Read Nikola Tesla's Drone Patent... From 1898
Kelsey D. Atherton
at 11:53 AM Aug 23 2016
Nikola Tesla Patent For Unmanned Vehicle Control
United States Patent and Trademark Office
Drones // 

Nikola Tesla, the inventor, electric car company namesake, and beloved darling of the internet, had a great many visions in his mind. Among the more obscure: a patent for killer robots. And not just killer robots, but killer robots he thought were so deadly that the mere risk of their use would bring about peace.
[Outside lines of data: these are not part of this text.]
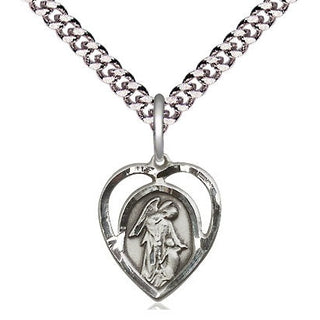 Pewter Guardian Angel Medal Religious and Catholic Jewelry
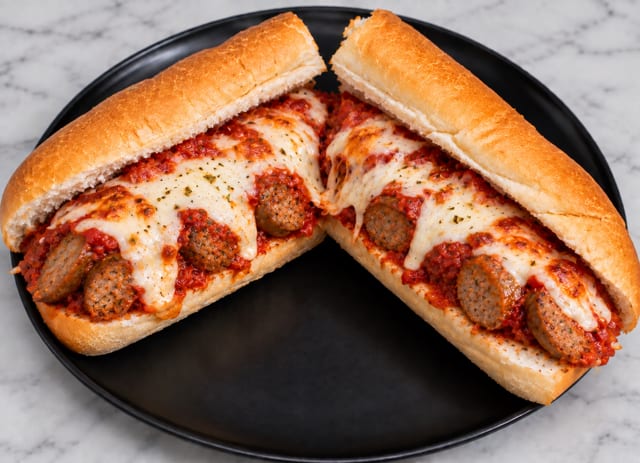 #23 Sausage Parm Grinder.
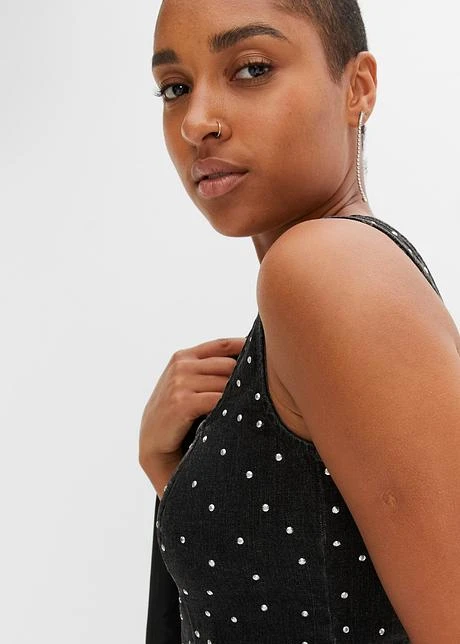 Rainbow Top En Jean Avec Rivets 7 Rainbow Top En Jean Avec Rivets - Afbeelding 5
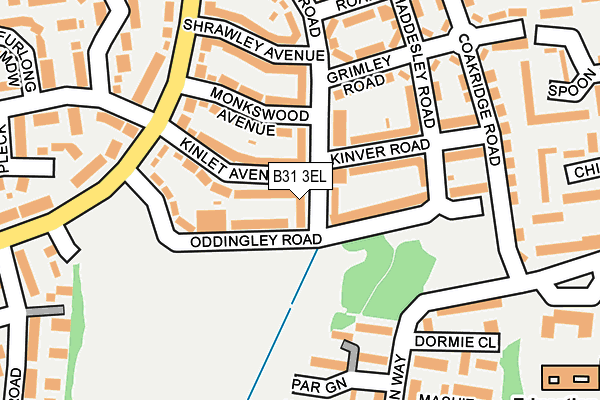 B31 3EL map - OS OpenMap – Local (Ordnance Survey)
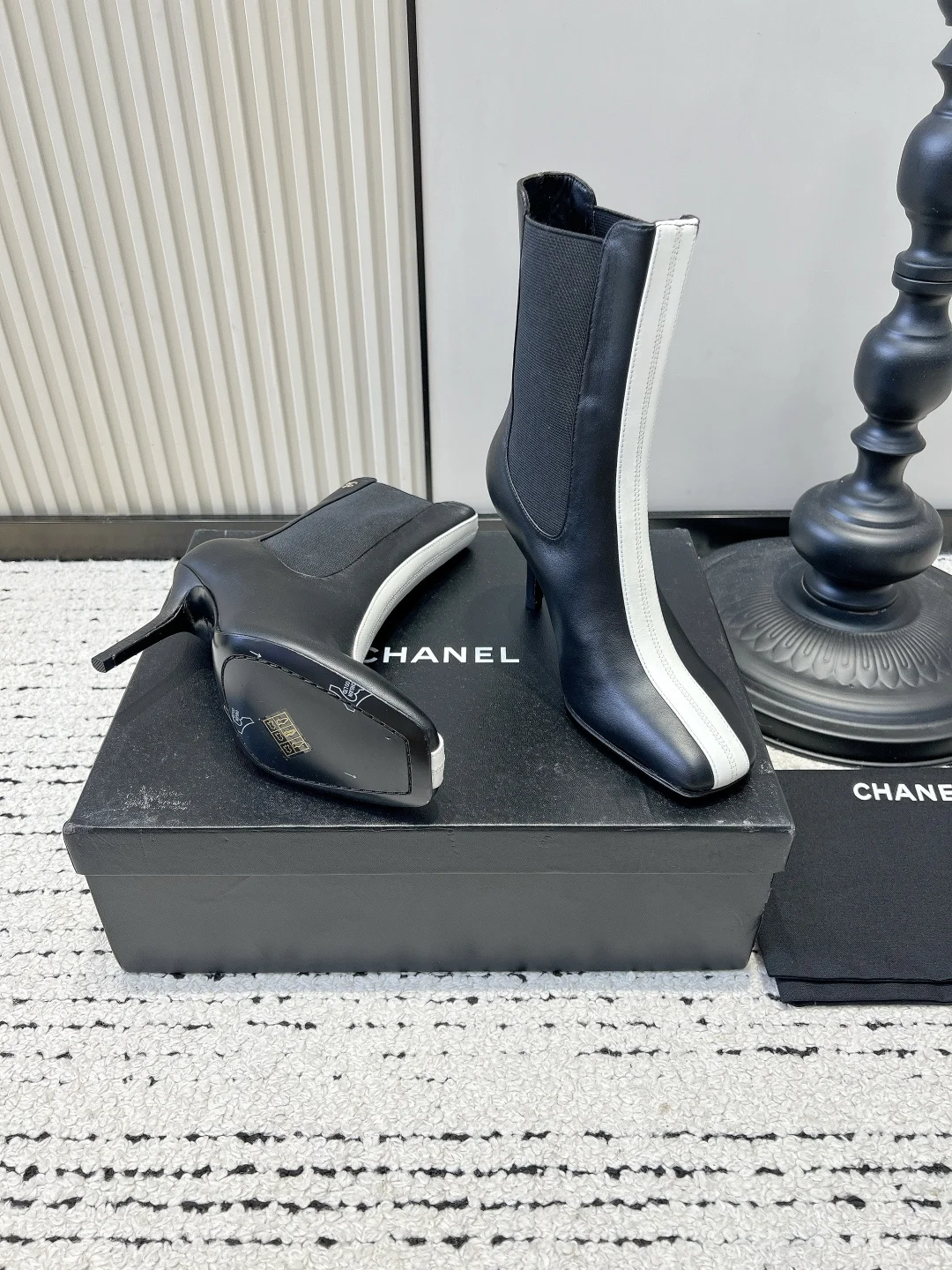 CHANEL Booties Lamb Leather EU35-39 C90202608030333 - Image 2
As spotted by technologist Matthew Schroyer:

 
 

The patent, for “Method of and apparatus for controlling mechanism of moving vessels or vehicles,” was granted November 8th, 1898. For a device like this to work, it needed to be wireless, and Tesla envisioned it powered by electrical waves. From the patent:

In a broad sense, then, my invention differs from all of those systems which provide for the control of the mechanism carried by a moving object and governing its motion in that I require no intermediate wires, cables, or other form of electrical or mechanical connection with the object save the natural modia in space. I accomplish, nevertheless, similar results and in a much more practicable manner by producing waves, impulses, or radiations which are received through the earth, water, or atmosphere by suitable apparatus' on the moving body and cause the desired actions so long as the body remains within the active region or effective range of such on currents, waves, impulses, or radiations. 

Radio waves, while not mentioned by name, were discovered in the 19th century, and would go on to shape the entire world of unmanned machines. Tesla was right about what it would take to steer his robots, though wrong on their destructive potential.

The first drone built for war, or at least one of the closest predecessors, was the Kettering Bug. Instead of using remote control, it was pre-programmed to fly a certain distance (it is also the ancestor of modern cruise missiles). Built for World War I, the bug was completed too late to see action, which is just as well, since in tests it was unreliable at best.

It would take another century for armed, remotely controlled machines to come into their own, and while much has been written about how drones will change war, it's a much older, much more destructive technology that scared superpowers out of fighting each other: the atomic bomb, a grim child of Oppenheimer, not Tesla.